From Mexico to Morocco, we span the globe in the eighth square of our 49-mile search. Covering a wide stamp of the central Richmond District, heading west from Park Presidio to 30th Avenue and, looking north, from Anza into the Presidio, this square is largely associated with the dozens of Asian restaurants that dot the concentrated commercial stretches of Geary and Clement streets.
Most notably, there’s Ton Kiang, where owner Chin Wong has been serving a regular Chinese menu in addition to a wide selection of dumplings, buns and other dim sum specialties for more than 30 years. Though San Francisco is peppered with dim sum restaurants, this one remains among the most popular in the city.
Yet a handful of other types of restaurants have made an even greater impact.
Opened in 1965 by late owner Tommy Bermejo and his wife, Elmy, Tommy’s restaurant features foods from the Bermejos’ native Yucatan. But really, the restaurant is about the booze – Tommy’s son, Julio, is known as the Tequila expert around town and claims to pour the most extensive assortment of 100 percent agave Tequila outside of Mexico.
Despite the aging interior and food that isn’t particularly distinguished, customers still line up three deep at the bar to down Tommy’s margaritas.
For these reasons, we chose the Mexican restaurant as the winner of this square during our search. But it wasn’t a slam dunk.
Aziza’s history lies in the “what” rather than the “when.” The restaurant has only been open for a decade, short by Richmond District standards, but many consider it among the first, and finest, examples of modernized Moroccan cuisine.

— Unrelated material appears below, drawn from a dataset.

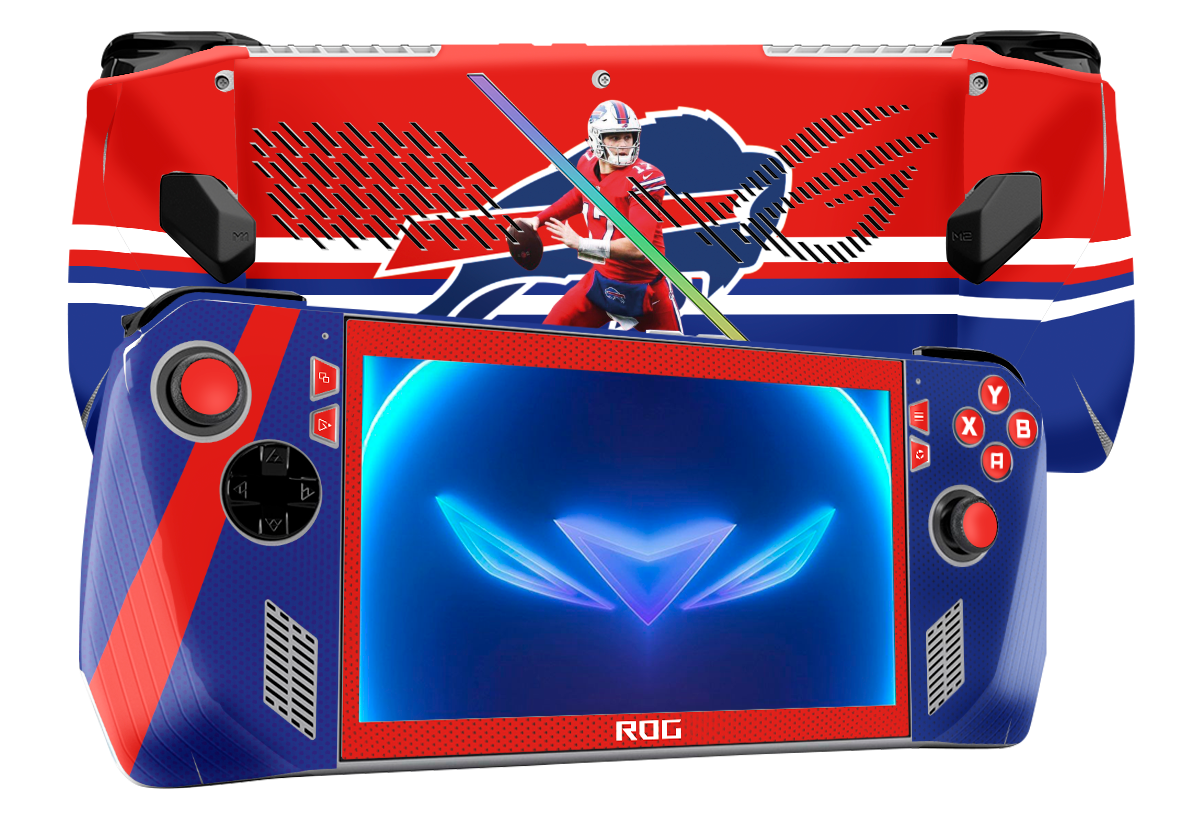 Buffalo Bills Skin Asus Rog Ally Xonebrand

Chef-owner Mourad Lahlou dishes out delicious fare using flavors from his childhood in Morocco, but adds a Northern California twist and contemporary technique and sophistication. You won’t find any belly dancing or hand washing here.

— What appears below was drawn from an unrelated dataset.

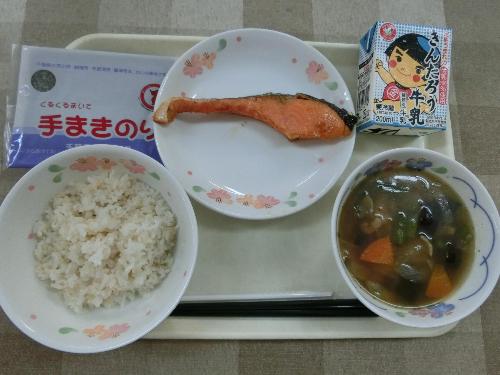 2021年5月28日給食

Italian cuisine is easy to find as well. For nostalgia, it’s worth checking out Gaspare’s pizza, which has been around for over 25 years. Plastic grapevines, checked oilcloths – you know the drill. But the pizza still pleases.
On the flip side, the pint-size Pizzetta 211 remains one of the first neighborhood spots to have popularized thin-crust, Neapolitan-style pizza. Now there seems to be at least one in every nook of the city.
And if it’s just plain old American you’re craving, head to Bill’s Place, which has been doling out juicy burgers since 1959. That, capped off with a drink at Trad’r Sam, a local tiki-style watering hole dating back to the late 1930s, makes for a perfect central Richmond evening.